Pierre-Jean DAVID D'ANGERS (1788.1856)
Autogrammbrief unterschrieben.
Eine Seite, großes Quartformat. Paris, 19. Mai 1851.
Ein sehr schöner Brief des Bildhauers über die Statuen von Molière und Jeanne d’Arc, die im Salon von 1851 ausgestellt wurden.

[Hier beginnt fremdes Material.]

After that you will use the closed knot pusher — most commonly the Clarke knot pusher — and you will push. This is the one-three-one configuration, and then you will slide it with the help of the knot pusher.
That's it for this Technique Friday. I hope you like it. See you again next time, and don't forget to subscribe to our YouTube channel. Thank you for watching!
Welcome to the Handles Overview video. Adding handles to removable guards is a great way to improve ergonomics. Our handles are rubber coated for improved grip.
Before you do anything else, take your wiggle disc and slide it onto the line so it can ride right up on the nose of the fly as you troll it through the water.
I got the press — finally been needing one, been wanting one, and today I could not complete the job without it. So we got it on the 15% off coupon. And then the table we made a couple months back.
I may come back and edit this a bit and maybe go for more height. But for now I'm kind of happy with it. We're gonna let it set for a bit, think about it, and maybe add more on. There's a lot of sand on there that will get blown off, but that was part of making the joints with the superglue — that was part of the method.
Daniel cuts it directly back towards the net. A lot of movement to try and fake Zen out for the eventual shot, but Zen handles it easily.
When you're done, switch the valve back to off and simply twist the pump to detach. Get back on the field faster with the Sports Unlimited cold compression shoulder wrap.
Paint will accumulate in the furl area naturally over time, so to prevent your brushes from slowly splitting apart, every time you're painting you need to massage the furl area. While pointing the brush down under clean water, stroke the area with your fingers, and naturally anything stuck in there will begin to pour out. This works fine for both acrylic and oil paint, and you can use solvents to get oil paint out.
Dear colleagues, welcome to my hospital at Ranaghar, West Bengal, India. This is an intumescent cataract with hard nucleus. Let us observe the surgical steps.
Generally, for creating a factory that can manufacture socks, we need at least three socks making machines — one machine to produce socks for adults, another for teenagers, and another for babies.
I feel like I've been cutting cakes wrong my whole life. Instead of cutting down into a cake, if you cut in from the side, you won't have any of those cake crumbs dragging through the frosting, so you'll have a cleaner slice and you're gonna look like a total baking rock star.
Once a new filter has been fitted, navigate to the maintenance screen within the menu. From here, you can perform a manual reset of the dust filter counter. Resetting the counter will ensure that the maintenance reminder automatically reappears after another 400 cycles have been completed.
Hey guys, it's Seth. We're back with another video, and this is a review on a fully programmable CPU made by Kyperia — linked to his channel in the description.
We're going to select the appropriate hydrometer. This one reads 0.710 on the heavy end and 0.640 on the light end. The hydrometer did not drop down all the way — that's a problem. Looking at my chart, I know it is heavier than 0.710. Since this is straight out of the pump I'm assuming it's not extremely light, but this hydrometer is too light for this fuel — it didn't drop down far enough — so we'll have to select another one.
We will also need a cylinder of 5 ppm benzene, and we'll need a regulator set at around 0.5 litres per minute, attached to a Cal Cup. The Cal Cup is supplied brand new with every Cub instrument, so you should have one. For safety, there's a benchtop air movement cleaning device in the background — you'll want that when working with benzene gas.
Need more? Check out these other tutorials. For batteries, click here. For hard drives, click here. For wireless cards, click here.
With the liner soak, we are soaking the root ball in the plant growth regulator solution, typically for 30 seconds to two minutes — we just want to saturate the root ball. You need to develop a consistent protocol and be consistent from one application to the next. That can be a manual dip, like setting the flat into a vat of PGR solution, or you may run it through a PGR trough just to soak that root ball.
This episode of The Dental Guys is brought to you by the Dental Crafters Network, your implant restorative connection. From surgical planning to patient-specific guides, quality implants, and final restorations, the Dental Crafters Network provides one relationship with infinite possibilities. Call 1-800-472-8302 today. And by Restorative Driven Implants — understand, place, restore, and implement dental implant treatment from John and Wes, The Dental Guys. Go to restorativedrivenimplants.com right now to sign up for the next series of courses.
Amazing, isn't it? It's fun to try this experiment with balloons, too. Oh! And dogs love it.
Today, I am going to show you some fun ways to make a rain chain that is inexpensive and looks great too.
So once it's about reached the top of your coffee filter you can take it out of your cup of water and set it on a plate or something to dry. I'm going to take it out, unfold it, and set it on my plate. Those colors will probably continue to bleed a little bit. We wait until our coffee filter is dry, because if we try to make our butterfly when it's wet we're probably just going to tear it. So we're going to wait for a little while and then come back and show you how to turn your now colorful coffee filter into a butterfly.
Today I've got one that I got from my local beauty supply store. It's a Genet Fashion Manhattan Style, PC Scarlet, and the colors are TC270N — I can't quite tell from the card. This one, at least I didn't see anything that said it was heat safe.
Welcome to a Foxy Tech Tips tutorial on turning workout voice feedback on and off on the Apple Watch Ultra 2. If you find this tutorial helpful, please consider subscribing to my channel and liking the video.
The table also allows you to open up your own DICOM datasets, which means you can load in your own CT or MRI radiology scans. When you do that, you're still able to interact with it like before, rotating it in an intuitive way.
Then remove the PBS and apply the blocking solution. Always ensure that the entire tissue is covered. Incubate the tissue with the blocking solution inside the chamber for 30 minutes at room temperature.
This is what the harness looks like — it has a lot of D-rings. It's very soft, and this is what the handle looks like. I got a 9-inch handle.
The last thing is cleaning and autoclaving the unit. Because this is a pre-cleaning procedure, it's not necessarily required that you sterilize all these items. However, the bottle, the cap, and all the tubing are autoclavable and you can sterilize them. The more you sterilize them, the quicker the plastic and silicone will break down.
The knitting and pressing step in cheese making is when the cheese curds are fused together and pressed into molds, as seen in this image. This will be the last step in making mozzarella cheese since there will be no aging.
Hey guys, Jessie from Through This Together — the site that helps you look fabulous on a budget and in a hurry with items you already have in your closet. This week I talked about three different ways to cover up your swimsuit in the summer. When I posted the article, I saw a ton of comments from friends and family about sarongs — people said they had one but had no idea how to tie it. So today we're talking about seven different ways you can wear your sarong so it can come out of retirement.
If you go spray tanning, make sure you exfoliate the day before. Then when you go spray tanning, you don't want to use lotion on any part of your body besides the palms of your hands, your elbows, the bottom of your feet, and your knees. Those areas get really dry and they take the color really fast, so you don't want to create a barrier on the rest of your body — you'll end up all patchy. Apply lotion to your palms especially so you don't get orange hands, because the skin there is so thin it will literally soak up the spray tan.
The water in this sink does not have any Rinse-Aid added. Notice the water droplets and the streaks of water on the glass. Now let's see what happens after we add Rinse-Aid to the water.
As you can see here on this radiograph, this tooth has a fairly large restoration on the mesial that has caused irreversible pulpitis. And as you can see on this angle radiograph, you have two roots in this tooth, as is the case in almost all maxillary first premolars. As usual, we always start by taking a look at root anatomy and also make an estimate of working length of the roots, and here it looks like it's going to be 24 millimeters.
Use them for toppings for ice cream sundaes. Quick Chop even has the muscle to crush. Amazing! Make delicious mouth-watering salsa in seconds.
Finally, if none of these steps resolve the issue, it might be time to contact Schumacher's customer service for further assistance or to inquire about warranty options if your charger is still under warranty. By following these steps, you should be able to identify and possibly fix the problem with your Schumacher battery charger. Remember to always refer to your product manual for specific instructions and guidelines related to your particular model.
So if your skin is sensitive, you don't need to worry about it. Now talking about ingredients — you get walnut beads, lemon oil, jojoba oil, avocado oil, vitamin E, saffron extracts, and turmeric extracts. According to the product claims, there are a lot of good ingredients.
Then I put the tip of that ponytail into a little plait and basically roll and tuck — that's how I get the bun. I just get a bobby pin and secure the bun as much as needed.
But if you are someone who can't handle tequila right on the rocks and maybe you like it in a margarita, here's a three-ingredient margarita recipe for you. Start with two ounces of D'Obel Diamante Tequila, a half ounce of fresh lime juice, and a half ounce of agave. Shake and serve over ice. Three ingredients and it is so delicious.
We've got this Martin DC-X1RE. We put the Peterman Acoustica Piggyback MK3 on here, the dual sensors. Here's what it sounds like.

„Sehr geehrter Herr, die Statue, die meiner Meinung nach Ihre Aufmerksamkeit verdient, ist die von Molière. Danach die von Jeanne Hachette, dann die von Jeanne d’Arc. Die Matrosenstatue von Herrn Corporandi ist von sehr gelungener plastischer Gestaltung. Bitte nehmen Sie, sehr geehrter Herr, meine höchste Wertschätzung entgegen. David d’Angers.“
Das Werk von David d’Angers ist umfangreich. Es umfasst nicht weniger als 68 Statuen und Statuetten, etwa 50 Basreliefs, rund 100 Büsten und mehr als 500 Medaillons. Unter den etwa 100 Büsten finden sich bemerkenswerte Persönlichkeiten wie Victor Hugo, Lafayette, Goethe, Vigny, Lamartine, Béranger, Musset, Arago, Balzac, Chateaubriand und Paganini. Zu seinen Statuen zählen Talma (Comédie-Française), Corneille (Rouen), Racine (La Ferté-Milon), Gutenberg (Paris und Straßburg) und Thomas Jefferson (Washington).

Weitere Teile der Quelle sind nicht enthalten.